Я был уже взрослым, когда впервые увидал картины Рембрандта. Он сразу околдовал меня; с тех пор я уже всюду искал его и не мог насытиться им. В искусстве ничто – даже Пушкин – не действовало на меня так сильно, и ни один человек из известных мне не был мне так близок. Я прочитал потом толстую французскую книгу – его биографию; из нее я узнал, что знает каждый читавший о нем, – что он с ранних лет любил изображать евреев и многие годы прожил в еврейском квартале. Мне кажется, что я прочитал в его картинах историю его жизни. Он родился во тьме, не только окруженный тьмою, но сам пропитанный ею, и рано начал по инстинкту сверлить себе путь чрез тьму – вверх, к солнцу; и сверлил всю жизнь, – только это и делал всю жизнь. И странно: он не мог оторваться от тьмы, силился все крепче схватить, как бы осязать ее, можно сказать – упивался ею; оттого он и рисовал беспрестанно еврейские лица: в евреях она всего сгущеннее. А сам весь был полон тьмы – и жадно алкал солнца. Временами ему, как видно, казалось, что он выбрался; его краски трубят ликование: какой ослепительный свет! какая даль видна! То были короткие годы с Саскией. Но и тогда тайно знал, что полон тьмы и что никогда не сможет изгнать ее. А после, когда счастье померкло, он наконец понял себя: «Буду сверлить ход к солнцу, потому что иначе я не могу, ничто другое мне не нужно; но знаю, что мне не выбраться никогда». С тех пор он уже сознательно зарылся в еврейство, изучая в нем свою и исконную тьму человека, и работал, как каторжный, с невиданным упорством, почти с ожесточением, словно очарованный страшной красотою разверзавшихся пред ним глубин. Таких шахтеров больше не было и не будет. Он изучил тьму во всех направлениях так пристально и глубоко, как никто. Но в этом неустанном измерении преисподней – какая пожирающая тоска по солнцу! Что-то сродное ему есть в Достоевском.

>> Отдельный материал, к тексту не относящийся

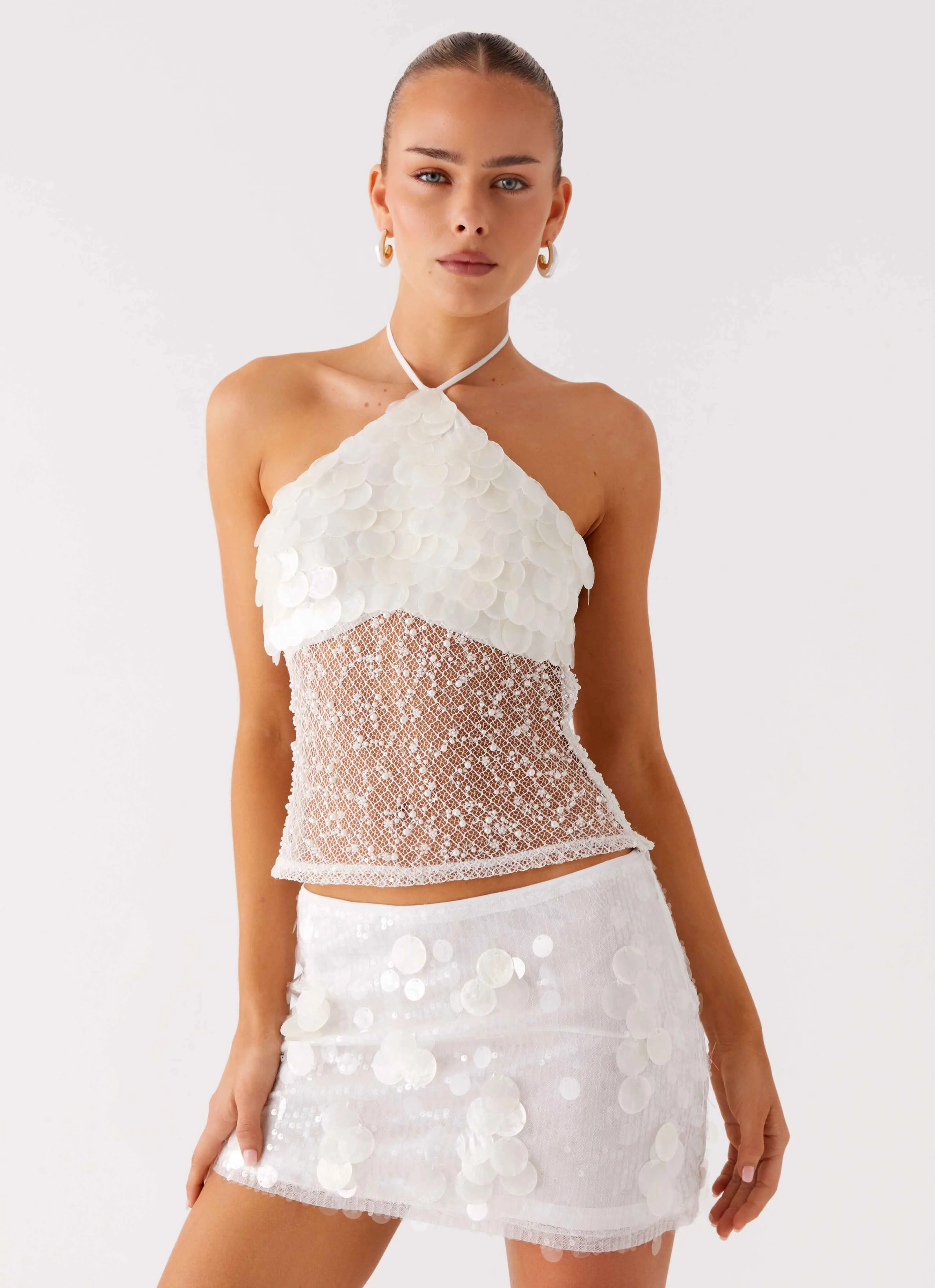 Shelly Halter Top - White sold by Peppermayo product image thumbnail 5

Самоанцы жили прекрасно и счастливо. Путешественники не могут надивиться благородству их лиц и совершенству тел, их спокойному достоинству, сдержанности в проявлении чувств, их прямодушию и чистосердечию, их мягкости, бескорыстию и открытому радушию, – и светлой легкости, светлой радости их жизни, их певучести, их легким танцам и божественной наготе, увитой цветами. – Так:
Она разлита, как ясный пруд, отражающий вечно-голубое небо. Эта горизонтальная жизнь в смысле красоты – прекраснейшая, в смысле счастья – счастливейшая. Но она колышется в берегах, замыкающих ее навсегда. Нет, еще и это – не жизнь! Как полноводная река, ясно отражающая днем небо и солнце, а ночью звезды, и неустанно несущая свои воды морю, – вот какой должна быть жизнь. Может быть так жили Эсхил и Перикл, так жил в молодости Гёте. Позавидовать ли им? Они были всю жизнь здоровы, Рембрандт был всю жизнь наследственно-болен; и все же, если бы в ту минуту, когда я возникал, определяющий судьбы предложил мне на выбор то или другое, – я, каков я теперь, был бы очень затруднен.